For Page, the lack of context extends to many institutions of higher learning. As part of a public engagement art project in 2019, which she designed with fellow MECA&D student Alejandra Cuadra, the women posted large pads and pens in the cafeteria that posed questions about issues students faced and asked for ways the school might remedy them. The pads quickly filled up with worries about food insecurity, housing insecurity, lack of support for BIPOC students and other concerns.
Eventually, after some difficult conversations between the students and the institution, Resilience Week was created. A series of events, lectures and exhibitions, it now puts the issues of racial equity in the arts front and center for students.
Change in the air
Since most of Maine’s art institutions and galleries are run by white people, it’s understandable why Black and brown artists might be reticent to believe much will truly shift. Certainly, the available data is not encouraging.
In 2018, the Andrew W. Mellon Foundation, the American Alliance of Museums and the Association of Art Museum Directors undertook a national survey. Among the findings was that 35 percent of museum staff were people of color, compared with 26 percent in 2015. However, those positions were mainly in curatorial and education departments. Non-white curators represented 16 percent of curators overall, but only 4 percent of those (21 positions total) were filled by Black professionals.
Another study conducted by Williams College in Massachusetts found that 85.4 percent of works in American museums were by white artists. Of those, 87.4 percent of them were male. African-American artists claimed the lowest share of works at 1.2 percent. A 2020 AAMD report stated, “Diversifying collections based on artist identity (i.e.: race, ethnicity, gender) is seen as a priority in acquisition strategies.” The report also called for diversification on museum boards.
The Mellon and AAMD are embarking on another study, the AAMD’s Chief Administrator Alison Wade said in a phone call, though she could not make any predictions about new findings. The new report might, however, offer some indication of whether the BLM movement’s heightened racial awareness is having an impact on inching these strategic priorities toward greater parity and inclusion.
“The art world has to ask itself what it’s for,” Minter says. “If they don’t, they’ll just replicate systems of using artwork as a way to adhere to the same canon they’re built upon.
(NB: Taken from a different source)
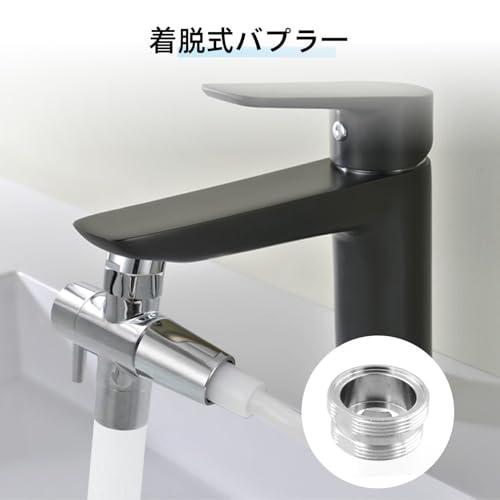 真鍮ダイバータ シャワーヘッド T型アダプター 蛇口 分岐 2方向切替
I do sense some change at the institutional level the last seven or eight years. It’s small, but it’s something they have to look at from the inside, to realize they have been complicit.”
Here in Maine, Minter’s perception of small change seems validated. “DAI (diversity and inclusion) efforts at the museum began in 2016,” says Jacqueline Terrassa, the Carolyn Muzzy Director of Colby College Museum of Art, “but it wasn’t the first time we started collecting Black artists by any means. The importance of having a lot of work that represents particular groups is to show there’s absolutely no way to homogenize any group. There isn’t one story of being a Black artist, a Latin artist, an Asian artist.”
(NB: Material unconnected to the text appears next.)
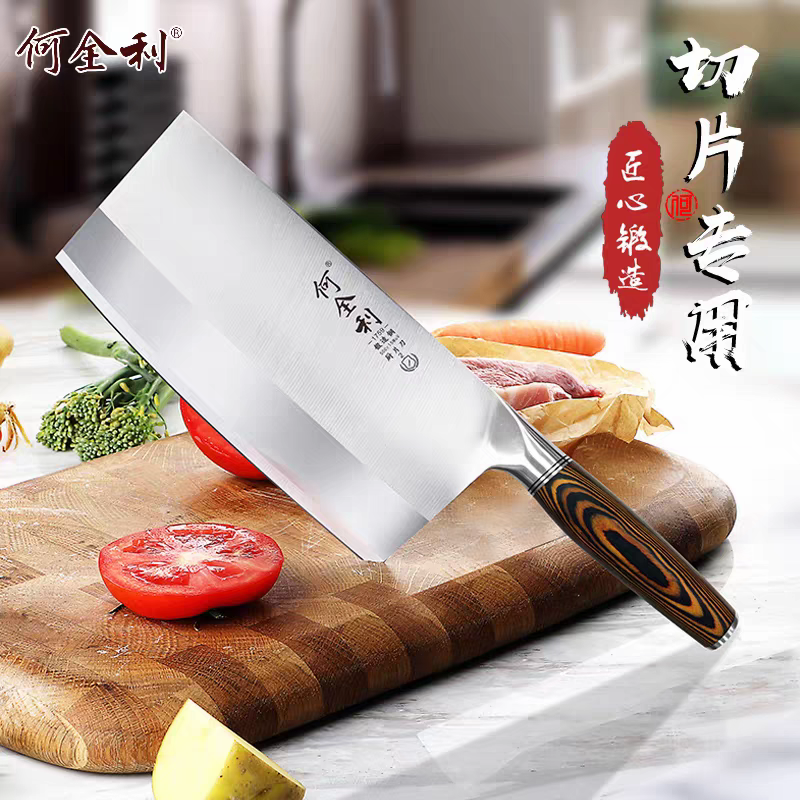 何全利家用切菜刀酒店菜刀厨师专用桑刀切肉刀超快锋利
Works by 25 to 30 African-American artists are on display in the galleries at any given moment, Terrassa, who is Puerto Rican points out; she holds one of the few leadership roles nationally occupied by a non-white professional). She adds that the Lunder Institute at Colby “selects fellows whose research and practices help advance the mission of the institute, which is rooted in equity and social justice.”
At the PMA, Christian Adame, Director of Learning and Community Collaboration, says, “The PMA’s Art for All mission is grounded in platforming our communities in the museum every day and in impactful ways across the entire PMA experience. We are intentional about working with BIPOC artists, scholars, educators, activists, and community members to champion the importance of multiple perspectives and histories.”
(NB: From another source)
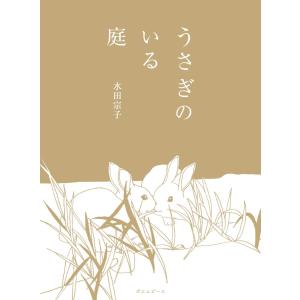 うさぎのいる庭｜poempiecestore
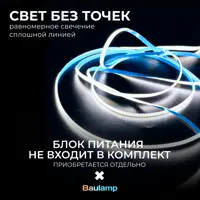 слайд 3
Bowdoin’s co-directors, Anne Collins Goodyear and Frank H. Goodyear, are going even further. They enlisted Elizabeth Humphrey, an alumnus who had returned for a two-year position as curatorial assistant and manager of student programs, to curate the recently concluded exhibition “There Is a Woman in Every Color,” which looked at depictions of Black women from the 18th century onward.
For a just-opened exhibition on Wabanaki basket-making, the Goodyears had three students from the school’s Native American Student Association – Amanda Cassano (Akwesasne Mohawk), Sunshine Eaton (Pueblo from Tesuque Pueblo) and Shandiin Largo (Diné) – curate the works. And they had Humphrey and consulting independent curator Laura Sprague recontextualize the historic collections to, says Frank Goodyear, “de-center the European-American perspective and add works by people of color.”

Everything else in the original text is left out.